== Data ==
************

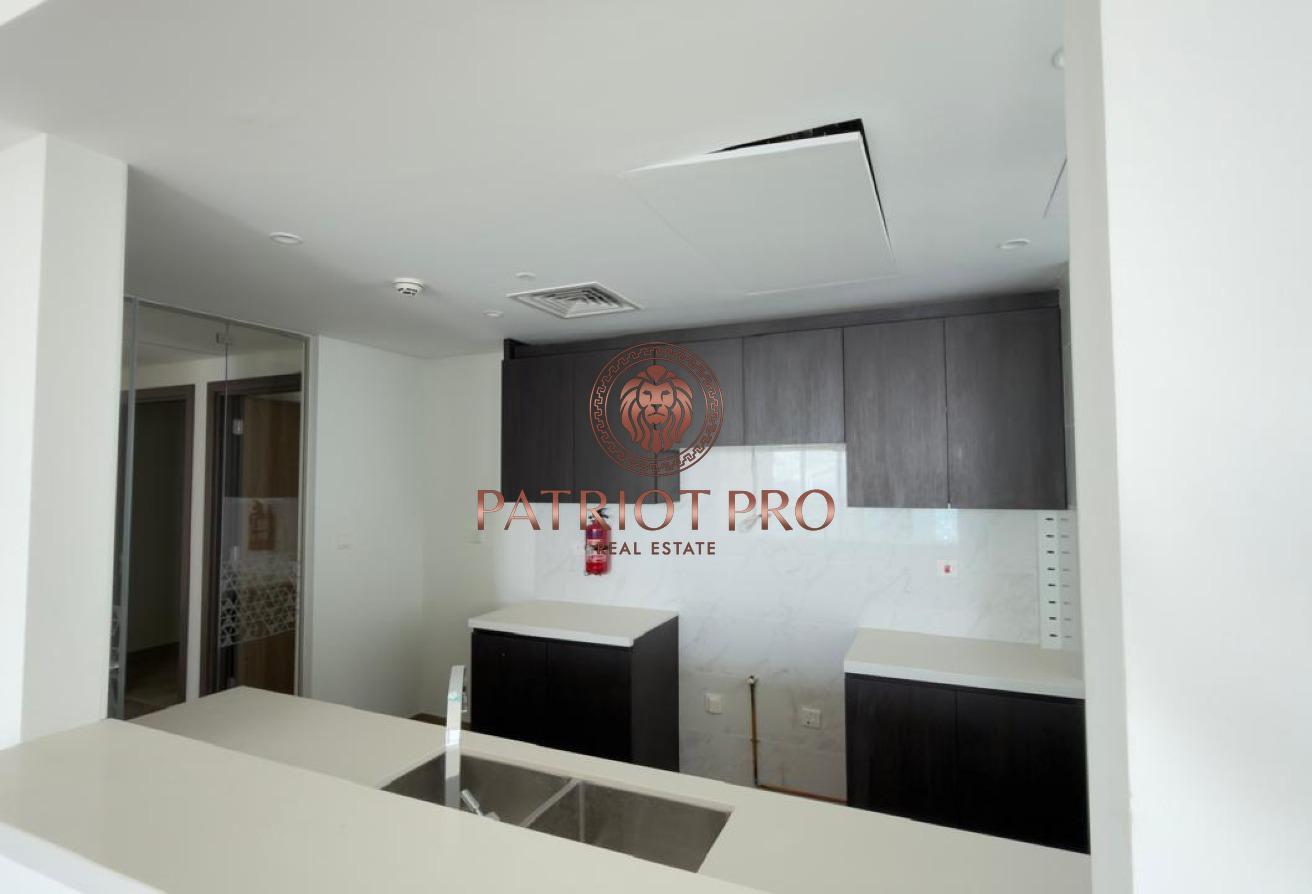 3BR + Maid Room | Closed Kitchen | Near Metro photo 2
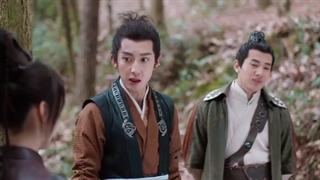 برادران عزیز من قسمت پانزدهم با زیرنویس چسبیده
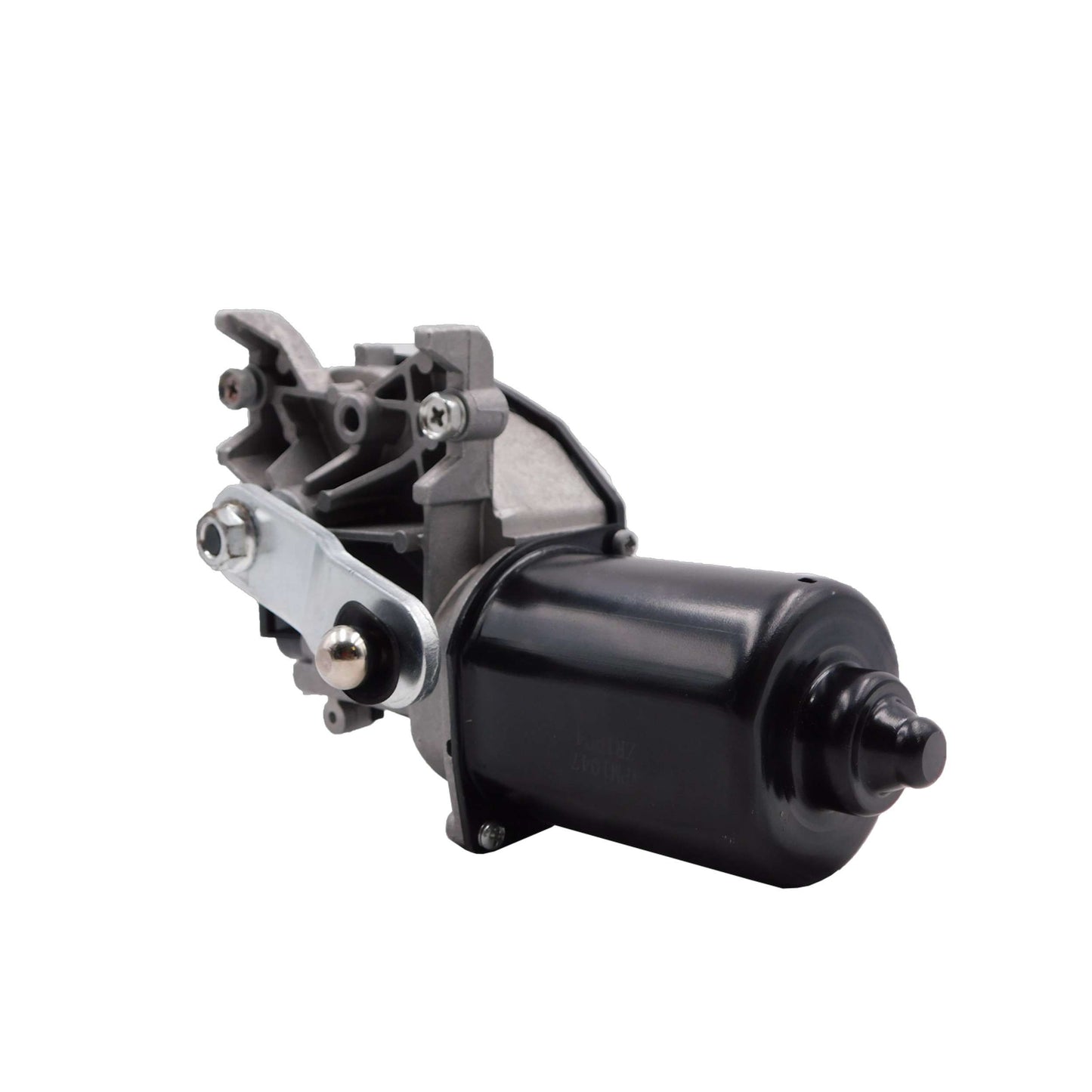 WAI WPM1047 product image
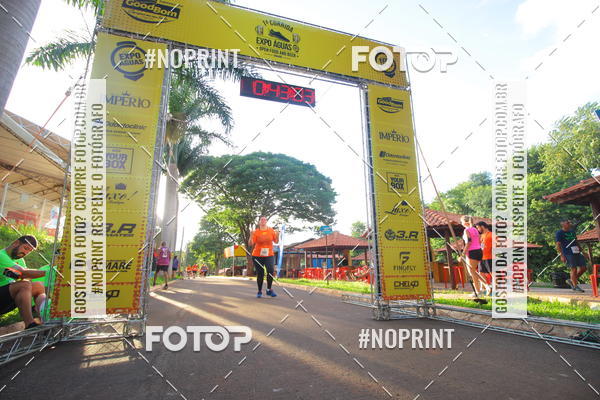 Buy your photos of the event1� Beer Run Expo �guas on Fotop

************

== Your assignment ==
Only the lines from the one containing "WAI WPM1047 product image" through the last line of the data belong in the copy, both included and reproduced exactly. Pictures do not.

== Task response ==
 WAI WPM1047 product image
 Buy your photos of the event1� Beer Run Expo �guas on Fotop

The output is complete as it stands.